Her meslek kendi içinde zorluklar barındırır. Ne yazık ki çoğu zaman sevdiğin, istediğin ya da hedeflediğin mesleği yapamazsın…
Ancak yaptığın işi sevmek zorundasın.
Bir dönem önce ilkokul çağında hangi çocuğa büyünce ne olacaksın diye sorulsa herkes öğretmen diye cevap verirdi. Çünkü o yaşta ailen dışında ilk karşılaşılan otorite öğretmendi.
Öylesine gözünde büyütürsün ki dünyayı onunla fed edeceğine inanırsın.
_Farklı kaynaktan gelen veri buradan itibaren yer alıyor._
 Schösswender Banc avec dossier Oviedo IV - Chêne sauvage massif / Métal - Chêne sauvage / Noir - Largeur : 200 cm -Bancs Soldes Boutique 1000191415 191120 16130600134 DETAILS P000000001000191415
Çocuk aklında gördüğün o rüya aslında gerçektir. Çünkü öğretmenlik mesleği ulvi bir görevdir. Öğretmen her şeyi bilen, her şeyi doğu yapan, seni hayata hazırlayan en önemli kişidir.
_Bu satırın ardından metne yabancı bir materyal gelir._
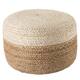 The Curated Nomad Camarillo Modern Cylindrical Jute Pouf - White/Beige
Hayat boyunca sayısız öğretmenin, hocan olur ama sen ilkokul öğretmenini hiç unutmazsın. En azından bizim dönemimiz de böyleydi…
Bugün eğitim sisteminde öğretmenler kendilerine verilen müfredat dışına pek çıkmıyor, çıkamıyor. Veliler öylesine sistemin içindeki öğretmen farklı bir tavır sergilese ya şikayet ediliyor ya da soruşturma geçiriyor. Risk almak istemeyen öğretmenler, öğrencisinde gördüğü eksikliği görmezden gelmek zorunda kalıyor...
Durum böyle olunca olan eğitim sistemimize oluyor.
Uzun yıllardan sonra getirilen sınıfta kalma sistemi bir çok velinin uykularını kaçırıyor. Çünkü çocuğunun eksiğini biliyor.
Bir önceki dönemde öğretmen öğrencinin tüm eksiklerine rağmen öğrenciyi geçirmek zorundaydı, ancak bugün değil. Notları düşük olan öğrenci aynı sınıfı tekrar okuma riski ile karşı karşıya kalacağı için öğretmenin kanaati önem kazandı.
Bence bu 24 Kasım’da Milli Eğitim Bakanlığının öğretmenlere hediyesidir.
Yeniden öğretmenlerimize güven geldi.
Türk eğitim sisteminin önemli neferleri olan öğretmenlerin sadece 24 Kasım’da hatırlanmasını doğru bulmuyorum.
İyi nesiller iyi öğretmenlerin elinde şekillenir. Öğretmenlik mesleği bizim gibi ülkelerde çok ama çok önemli. Temeli sağlam olmayan hiçbir binanın uzun zaman ayakta kalması düşünülemez.
Eğitimde çağ atlamak, gerçek muasır medeniyete ulaşmak istiyorsak önce eli öpülesi öğretmelerimize çağ atlatmak zorundayız.